After Lincoln’s death, Mary traveled for six years with her Tad, the youngest. And then, Tad died at age 18, when ripening to a manhood that he would never fulfill. The illness that killed him, apparently affecting his lungs, is uncertain. What is certain is that this woman lost three of four sons and the beloved husband who lit her life.


Robert, her oldest son, was 28 and took her into his home, but her grown child could not take the place of those whom Mary had lost. History cannot tell us of the many ways he might have tried to satisfy her grief and be the perfect son; the grief of siblings and children isn’t always recorded. He wasn’t the cure for the deeply bereaved Mary Lincoln’s grief, emptiness, and anxieties.

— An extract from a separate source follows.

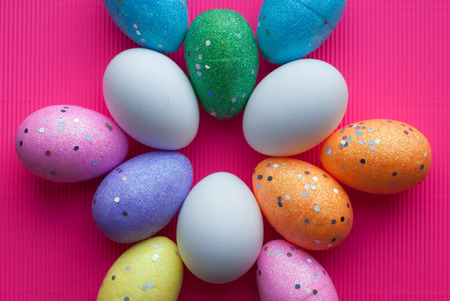 Decorative eggs on pink background, happy Easter, top viewの写真素材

History tends to remember Mary Lincoln for her son Robert’s desperate act of having her committed to an insane asylum although she later won the right to leave and lived several years on her own or with her sister. History is hard on Mary Lincoln, tending not to recognize this woman’s challenges in bereavement or her strength in carrying on where society simply didn’t understand or accept her behavior in the context of loss.


Grief comes to us all. Thank God we now have more ways to self-advocate for help, love, and understanding. We can weep for the many unsung Mary Lincolns of history and of our own communities. And we can offer them the precious gift of a listening, nonjudgmental ear.